** Opening Provided material block **

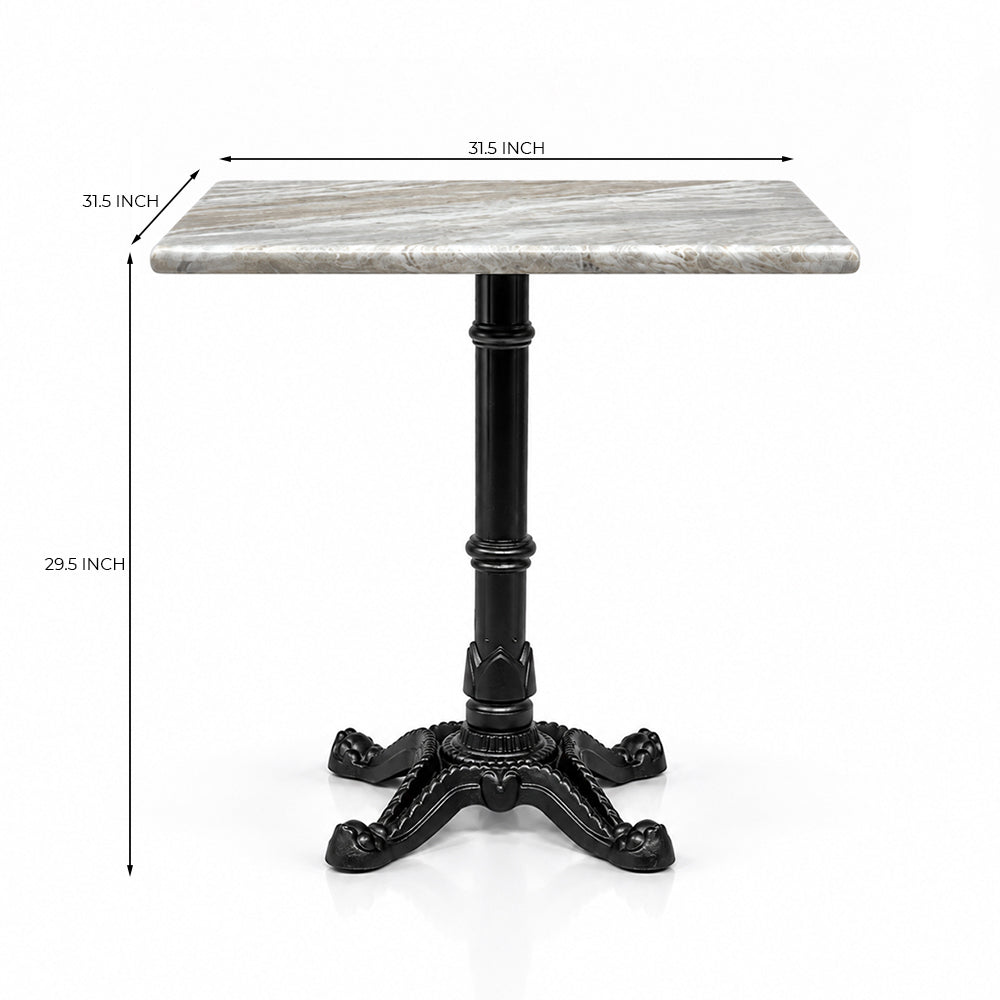 Dalton Sawar Marble Restaurant Table with Metal Legs - Large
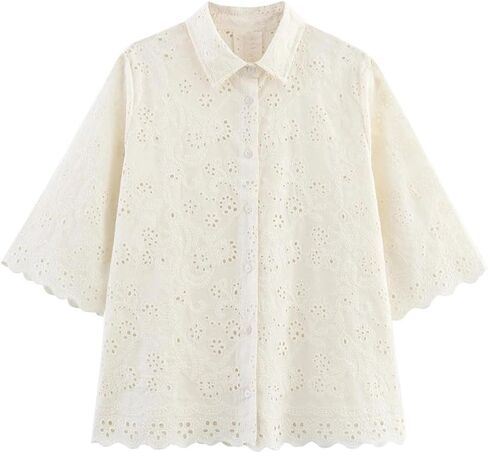 Women Hollow Embroidered Half Sleeve Casual Shirt Top in Saudi Arabia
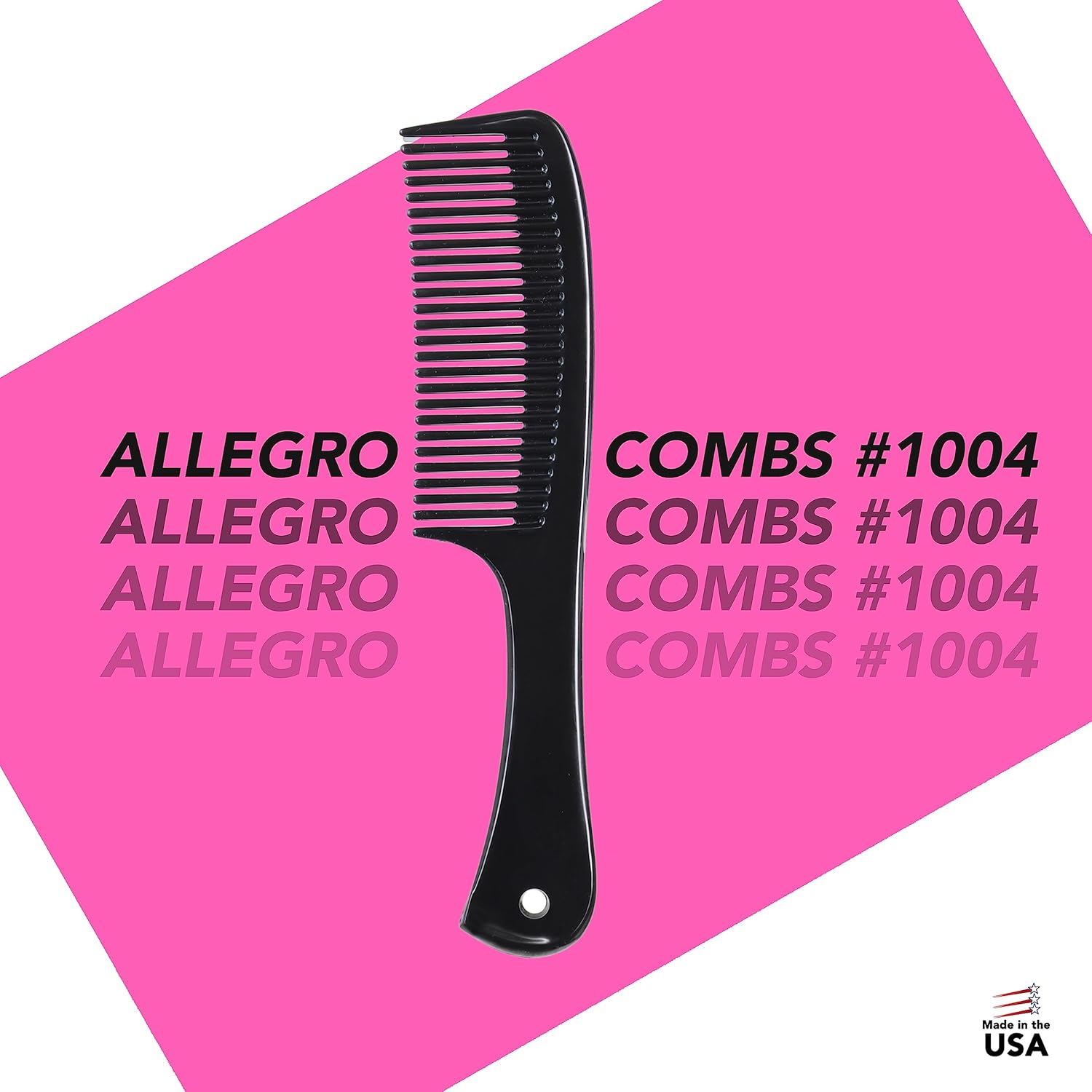 Allegro Comb 1004 Peines desenredantes de dientes anchos para mujeres, estilistas, peine de pelo rizado para hombre, 2 piezas (negro)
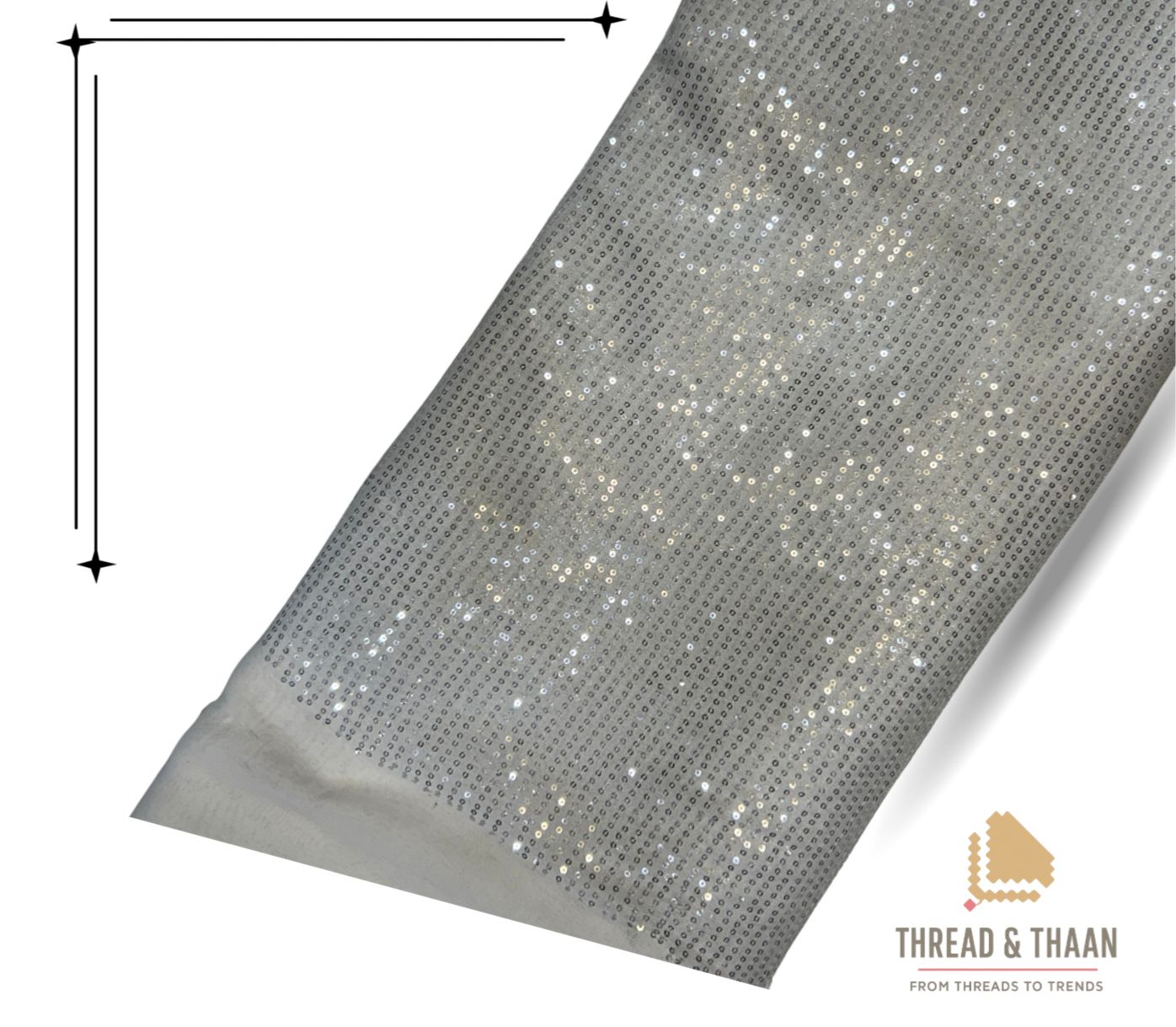 Off white-  Georgette Sequin Embroidery Fabric for Saree, Lehenga & Gown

** Closing Provided material block **

(Work instruction): Only one thing is required here: an exact copy of the lines from the one bearing "Women Hollow Embroidered" through the final line above, both included, with pictures left out.

(The answer):
 Women Hollow Embroidered Half Sleeve Casual Shirt Top in Saudi Arabia
 Allegro Comb 1004 Peines desenredantes de dientes anchos para mujeres, estilistas, peine de pelo rizado para hombre, 2 piezas (negro)
 Off white-  Georgette Sequin Embroidery Fabric for Saree, Lehenga & Gown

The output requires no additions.